Caption-style text data:
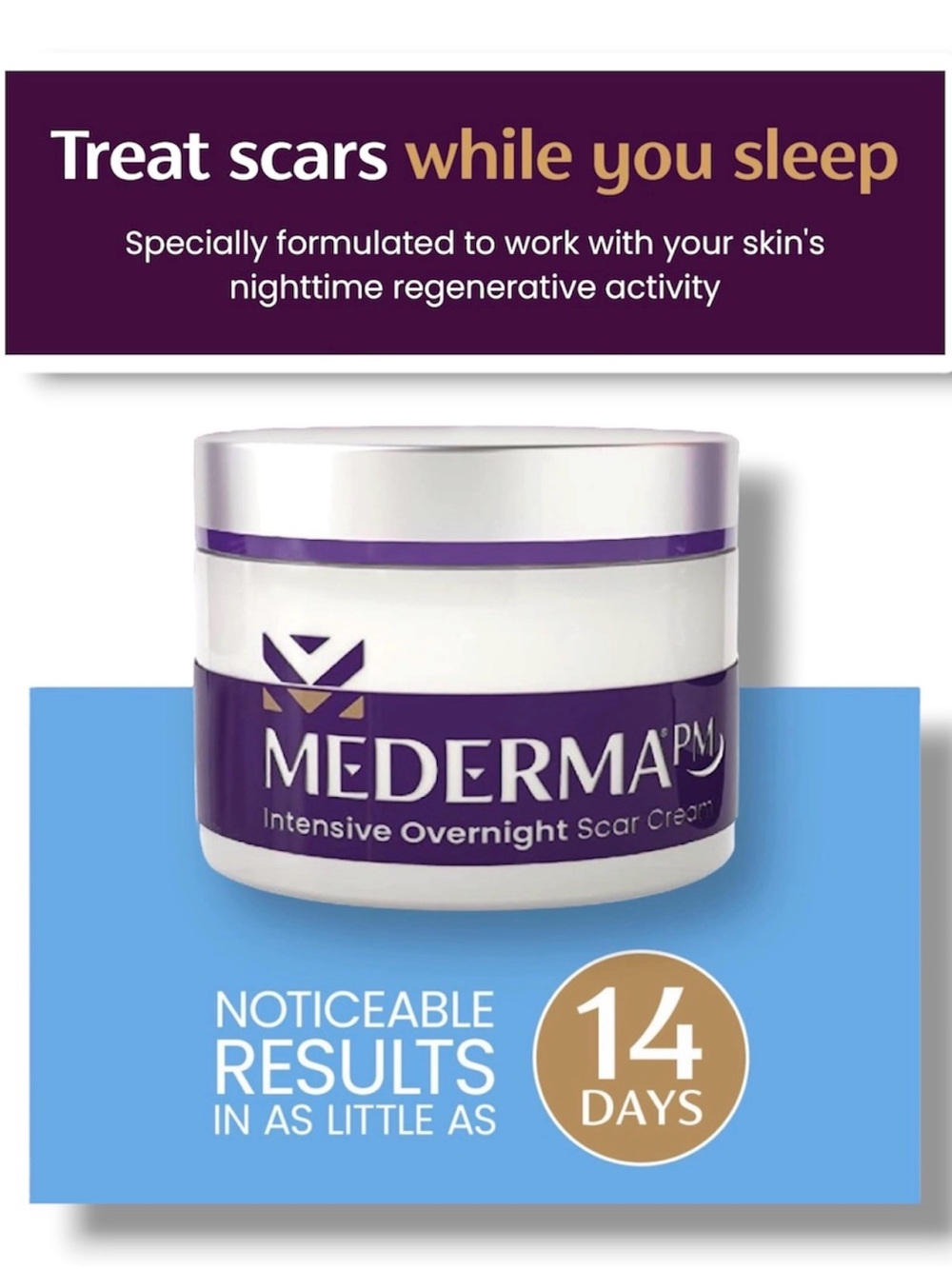 Mederma PM Intensive Overnight Scar Cream TriPeptol & Dimethicone Sealed NIB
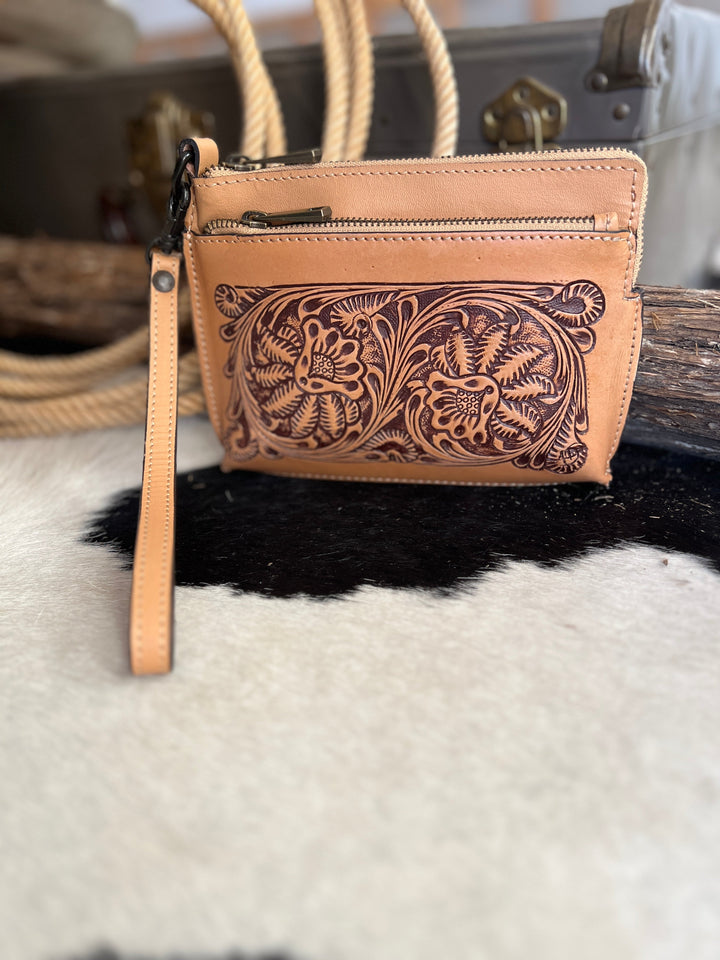 Darling Small Hand Tooled Leather Wristlet Pouch Bag | gussieduponline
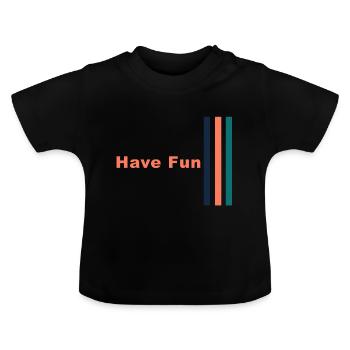 Have Fun Stripes Design - Baby Bio-T-Shirt mit Rundhals - Schwarz - Vorne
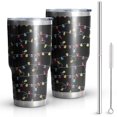 thumbnail image 1 of 30oz Multicolor Christmas Light Pattern Tumblers Stainless Steel Tumbler with Lid and Straw,Vacuum Insulated Double Wall Travel Tumbler Cups Mug with Cleaning Brush for Coffee,Tea, 1 of 7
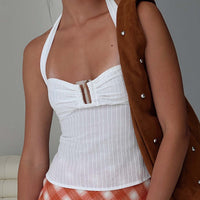 Isabetta Halter Top White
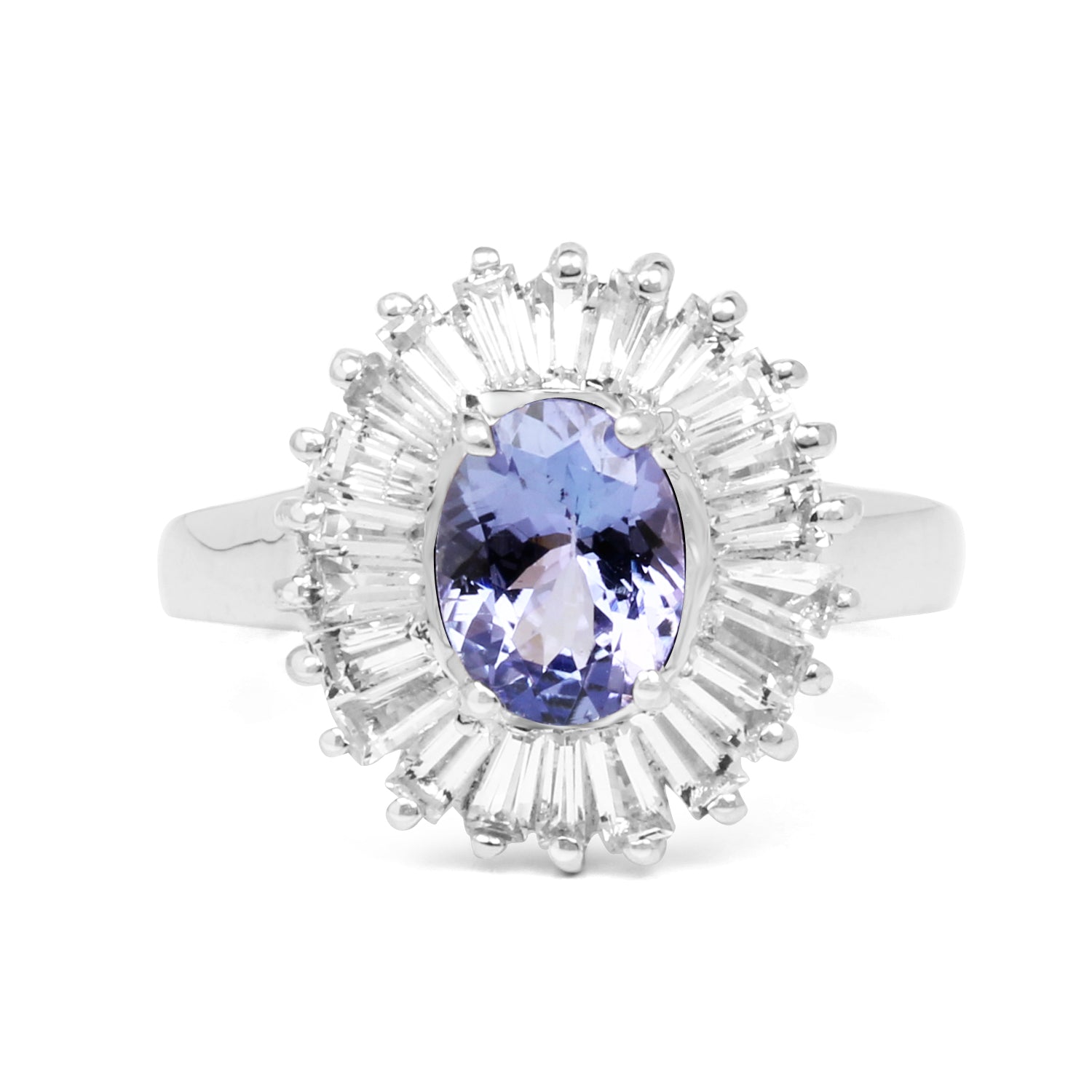 2.47 Carat Genuine Tanzanite and White Topaz .925 Sterling Silver Ring on sale at MyriadMart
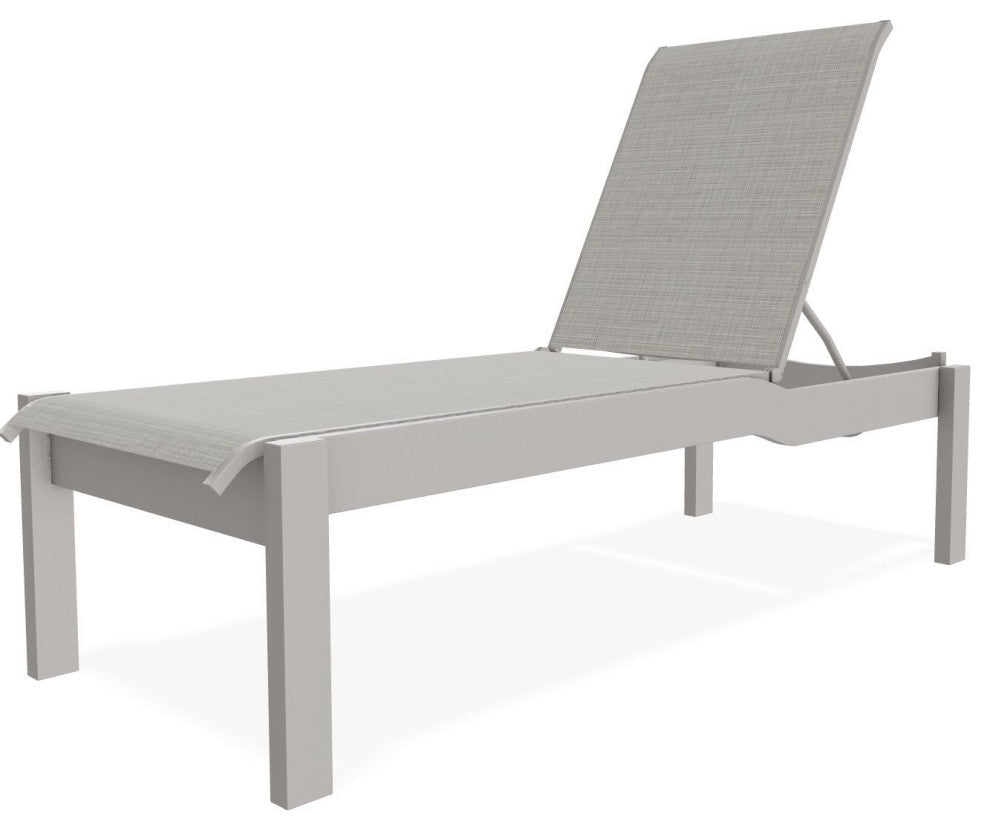 Leeward Sling Stackable Outdoor Chaise Lounge, Deacon/Warm Gray
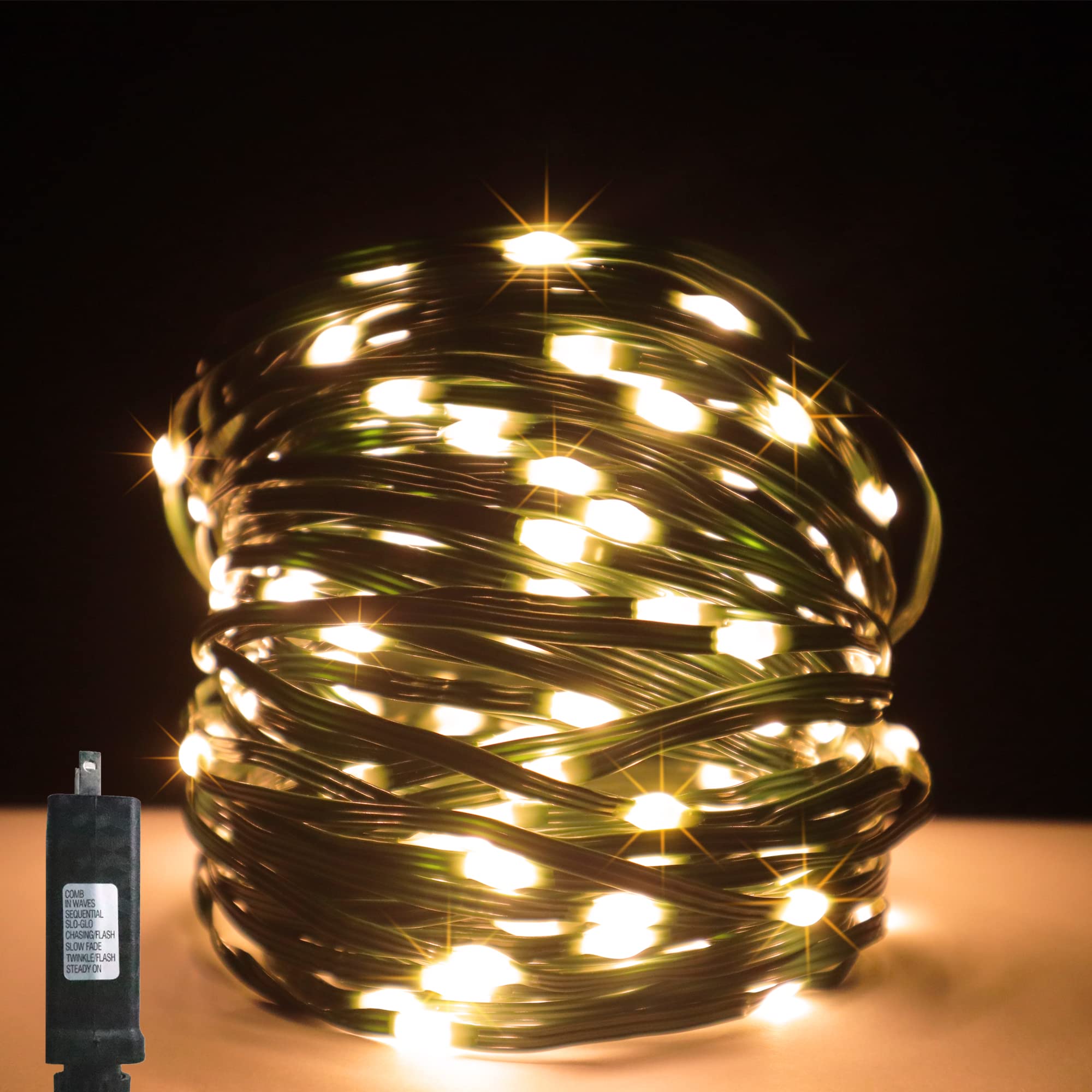 82 FT 200 LED Twinkle String Lights with 8 Lighting Modes - Green Wire Warm White Christmas Lights for Indoor Outdoor Home, Garden, Party, Wedding & Holiday Decoration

- **Required work**: Since the pictures don't belong in the copy, copy only the rest of the entries above exactly.

- **Task answer**:
 Mederma PM Intensive Overnight Scar Cream TriPeptol & Dimethicone Sealed NIB
 Darling Small Hand Tooled Leather Wristlet Pouch Bag | gussieduponline
 Have Fun Stripes Design - Baby Bio-T-Shirt mit Rundhals - Schwarz - Vorne
 thumbnail image 1 of 30oz Multicolor Christmas Light Pattern Tumblers Stainless Steel Tumbler with Lid and Straw,Vacuum Insulated Double Wall Travel Tumbler Cups Mug with Cleaning Brush for Coffee,Tea, 1 of 7
 Isabetta Halter Top White
 2.47 Carat Genuine Tanzanite and White Topaz .925 Sterling Silver Ring on sale at MyriadMart
 Leeward Sling Stackable Outdoor Chaise Lounge, Deacon/Warm Gray
 82 FT 200 LED Twinkle String Lights with 8 Lighting Modes - Green Wire Warm White Christmas Lights for Indoor Outdoor Home, Garden, Party, Wedding & Holiday Decoration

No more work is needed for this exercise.